Building a License Plate Recognition System with Tesla and Raspberry Pi

Source: Machine Heart | Author: Robert Lucian Chiriac | Contributors: Wang Zijia, Si, Yi Ming

How to build an intelligent vehicle system without changing cars? For some time, the author Robert Lucian Chiriac has been thinking about giving cars the ability to detect and recognize objects. This idea is very interesting because we have already seen Tesla’s capabilities, although it is not possible to buy a Tesla right away (it must be mentioned that the Model 3 is becoming increasingly attractive), but he has an idea to work hard to achieve this dream.

So, the author used Raspberry Pi to achieve this, which can detect license plates in real-time when placed on the car.

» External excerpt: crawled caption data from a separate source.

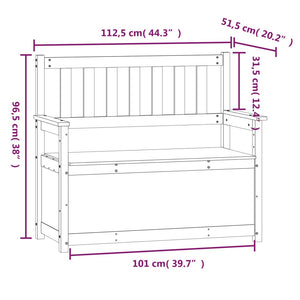 Παγκάκι Γκρι 112,5x51,5x96,5 εκ. από Μασίφ Ξύλο Πεύκου - Pakobazaar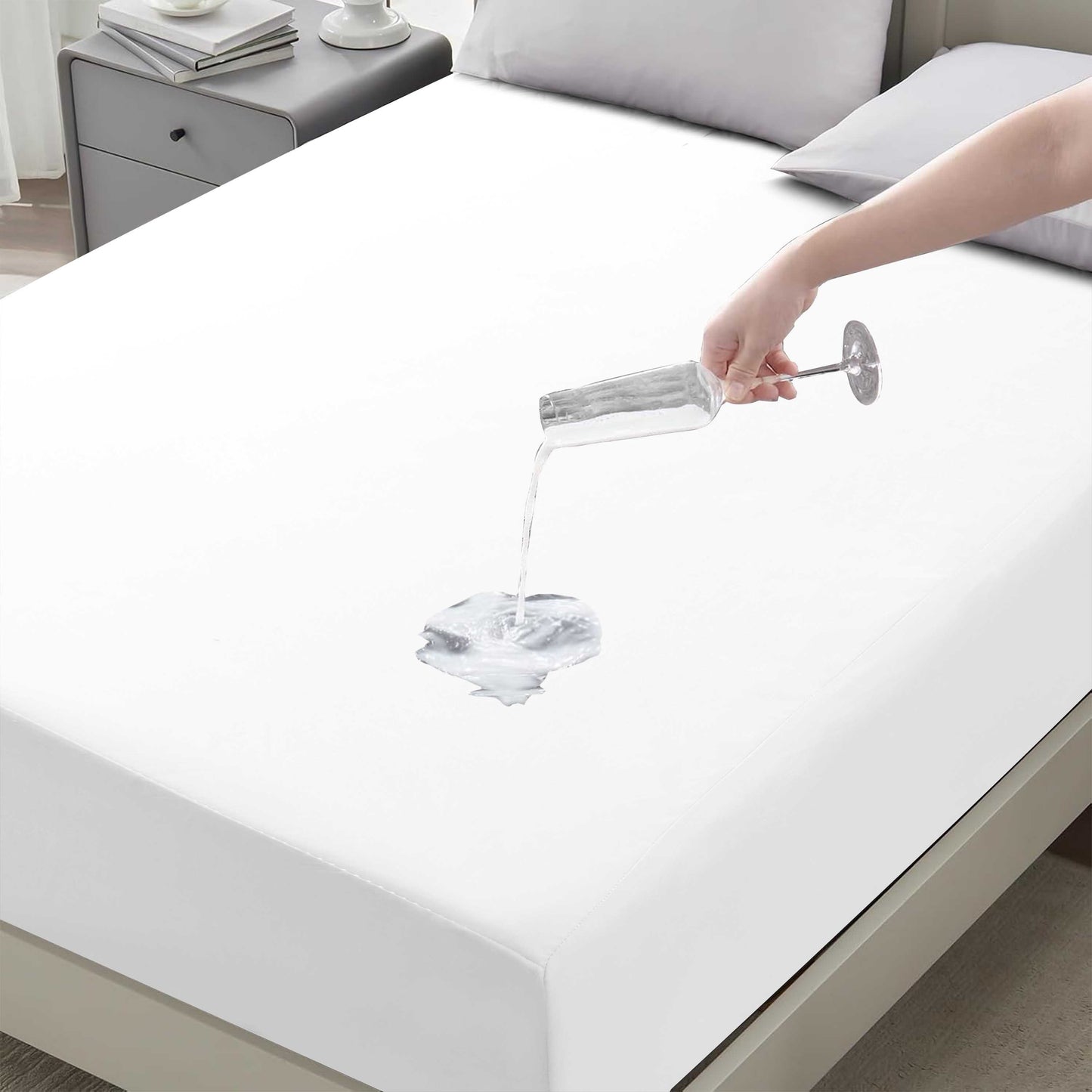 Waterproof Fitted Bed Sheet Deep Pocket Mattress Protector Cover | Soft Breathable Noiseless Fitted Sheet for Bedroom, Hotel & Home | Machine Washable Elastic Bed Cover Fits Up to 30cm Mattress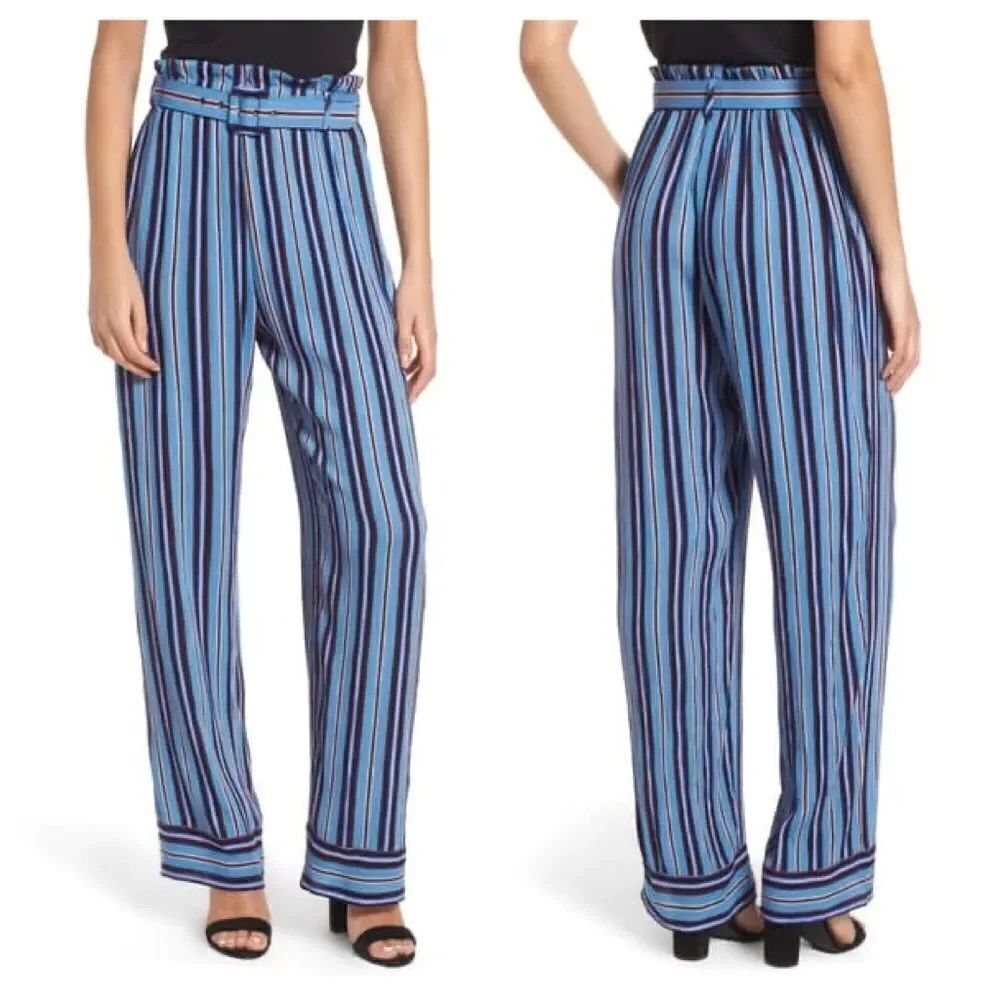 Band of Gypsies Blake Stripe Paperbag Waist Pants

In the following content, we will introduce each step in the project and provide the GitHub project address, where the project address is just the client tool, and other datasets and pre-trained models can be found at the end of the original blog.

Project address:

https://github.com/RobertLucian/cortex-license-plate-reader-client

Now, let’s see how the author Robert Lucian Chiriac built a useful onboard detection and recognition system step by step.

Here is a finished product image.

Step 1:Define the Project Scope

Before starting, the first question that came to my mind was what this system should be able to do. If I have learned anything in my life, it is that taking things step by step is always the best strategy. So, besides the basic visual tasks, all I need is to clearly recognize license plates while driving. This recognition process includes two steps:

Detect the license plate.
Recognize the text within each license plate bounding box.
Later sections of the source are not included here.